Each player is represented by one of four plastic pawns placed on the front door entrance card at the start of the game.

Also before the game, seven cardboard treasure tokens (two representing the "real treasure", and five representing cobwebs or the "fake treasure") are randomly placed in one of the seven plastic treasure chests. Each treasure chest has a label on its bottom with two numbers on it, representing the two keys that will unlock it (see below). The treasure chests are then mixed up so no player knows which two have the real treasure, or knows which keys will open those two real treasures.

Other items include:
- A six-sided "door" die, with either the words "open" or "locked" on its faces.
- 12 plastic staircases
- Eight plastic secret passage doors
- A deck of 72 "Search" cards and a deck of 56 "Clue" cards. Each player is only dealt five Search cards at the start of the game. Once the cards are used up, one player must shuffle them and put them back to be "reused".

===Rules===
Players take turns in order, with the initial player determined by a consensus before the game. During a turn, a player takes 3 "actions". An action can be one of the following:

- Rolling the "door" die
Rolling the die is the primary way to move from one room to the other. It is also the only way to move back and forth between the Foyer and the front door entrance. Rolling "locked" prevents a player from moving to the next room, and thus automatically ends that action. If the player rolls "open", then (s)he can either move into an adjoining room already in place, or add and move into a new room.

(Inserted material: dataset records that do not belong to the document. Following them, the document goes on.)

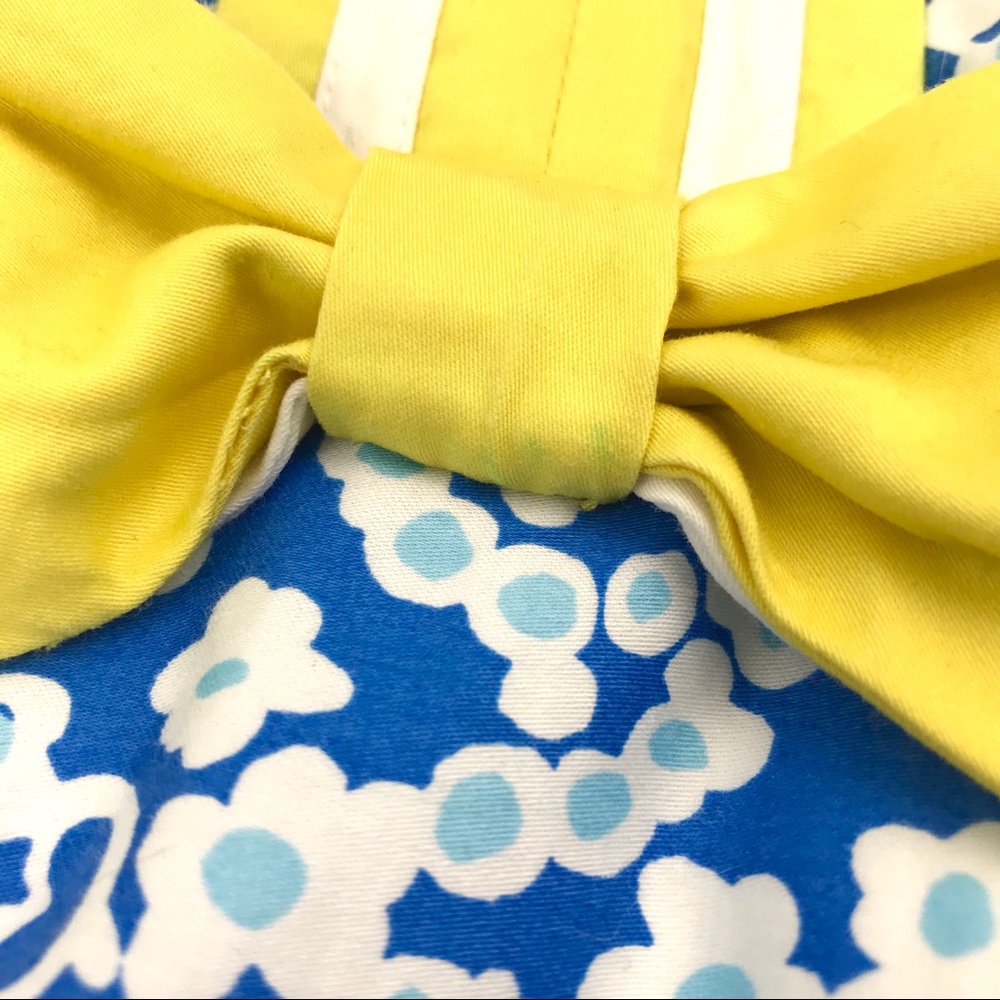 Lilly Pulitzer Reecey Dress Knotty Blue Whirlpool - Picture 4 of 8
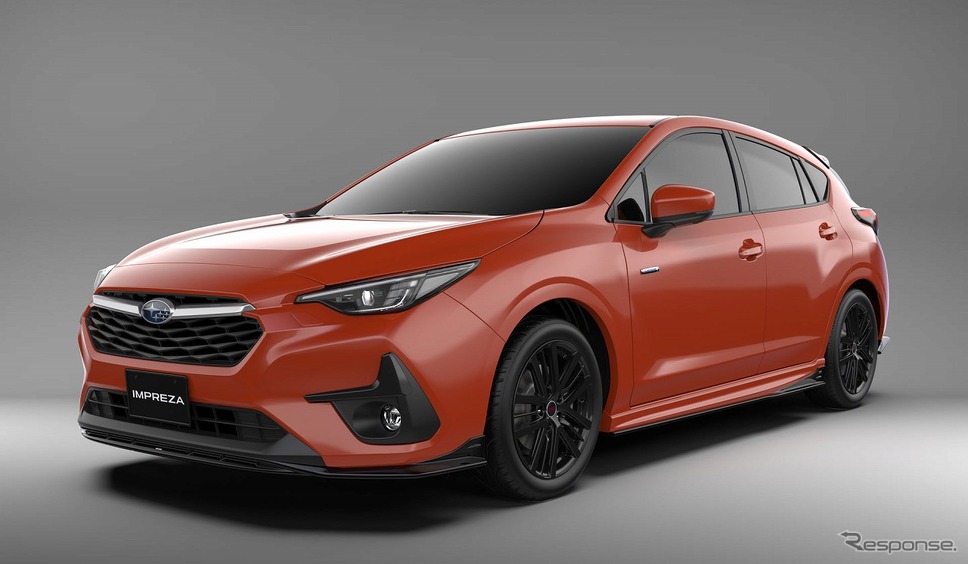 スバル インプレッサ新型(日本仕様車・プロトタイプ)STI パーツ装着車《写真提供 SUBARU》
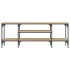 Mueble TV madera de ingeniería y hierro Sonoma 121x35x45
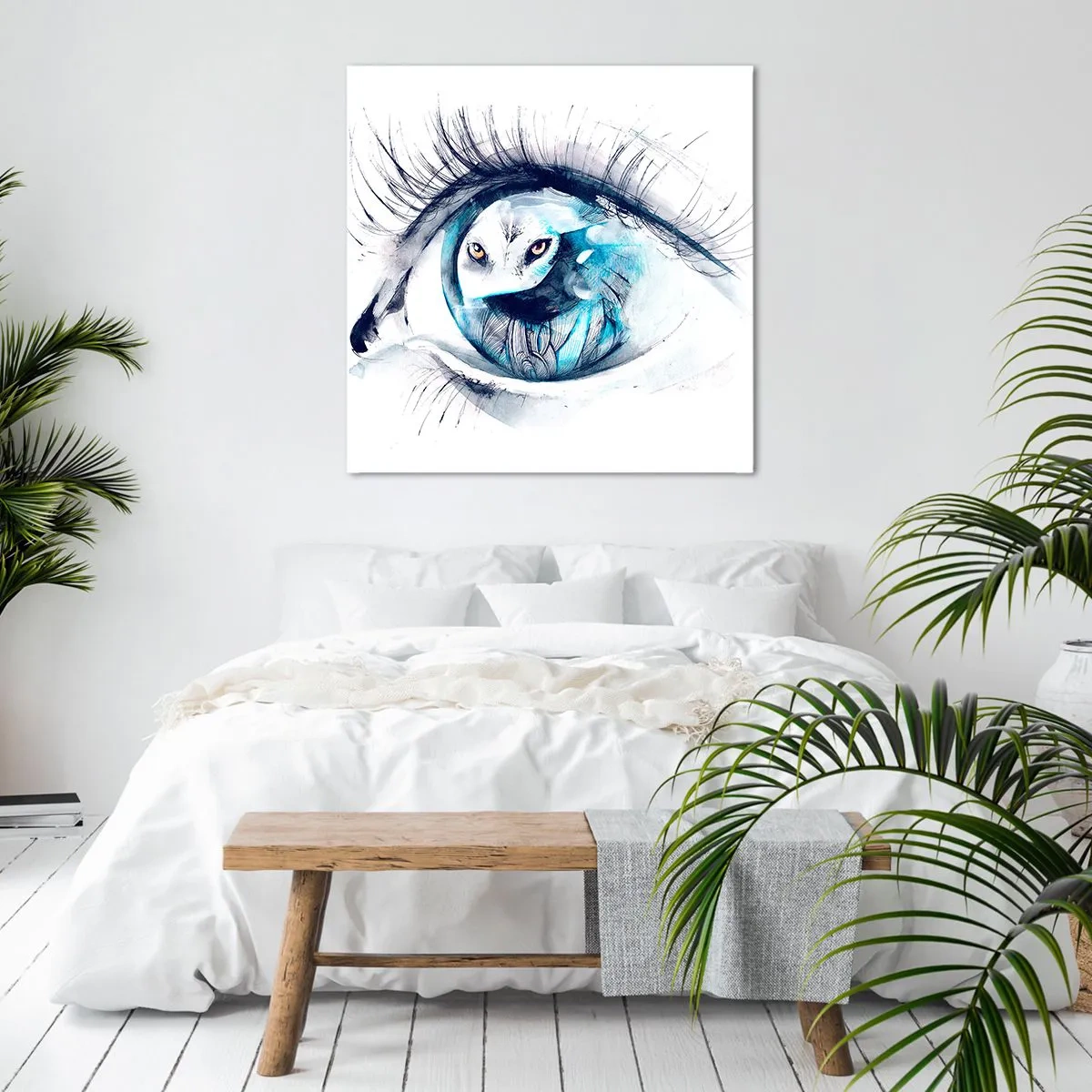 Vászonkép - Szemtől szembe a vadonnal - 60x60 cm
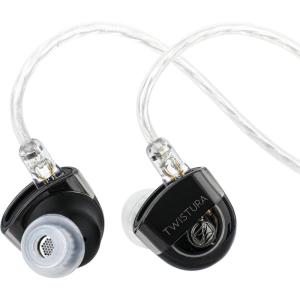 Linsoul TWISTURA D-Minor in Ear Monitor, 10mm Dual-Magnetic LCP Dynamic Driver Earphone IEM, Wired Earbuds with Replaceable Tuning Nozzle, Detachable Cable for Musician Audiophile (Without Mic)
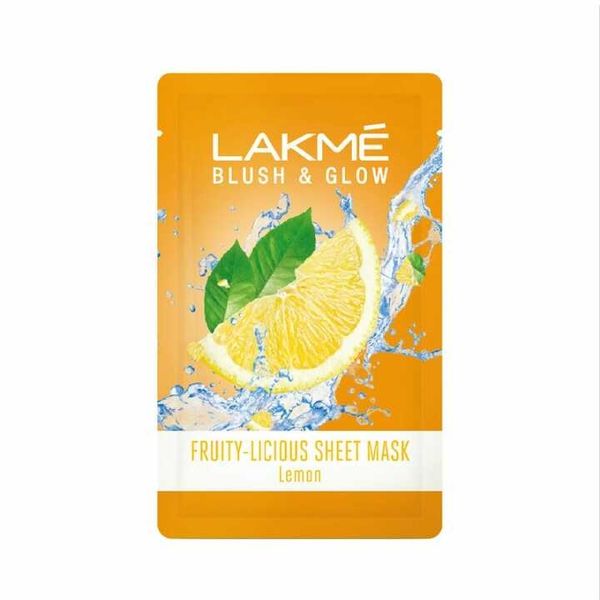 Lakmé Blush & Glow Lemon Sheet Mask, 20 ml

When adding a new room, the player randomly picks one from the pile of unused ones. One restriction is that a door in the new room must line up with a door in the room that the player is in so a doorway is formed between the two. A second restriction is that a room needs to be either on the same level, or one level above or below the level the player is on (i.e. a doorway cannot directly connect the cellar with the second floor). The plastic staircases are used to basically indicate doorways connecting one level to another.

- Play a Search card
Each time a player plays and discards a Search card from the ones in his/her hand, (s)he draws a new one from the draw pile to replenish his/her hand. The different search cards include:

- Object cards
An Object card lists two objects. In order to play an object card, the player needs to be in the same room with one of those two objects. Then when playing an object card, the player must show the other opponents the card, and announce the object being "searched". After the card is discarded, and a new Search card is drawn to replenish his/her hand, the player then takes the top card from the Clue draw pile.

- "Steal A Search Card From Any Player"
Entitles a player to randomly take a Search card from any other player.

- "Change Places With Any Player"
Directs a player to change places with an opponent.

- "Move into an occupied room"
Entitles a player to immediately move to any room that is occupied by an opponent.

- "Lose one action of your turn"
Not only does the player lose one of his 3 actions, but also playing this card counts as one as well.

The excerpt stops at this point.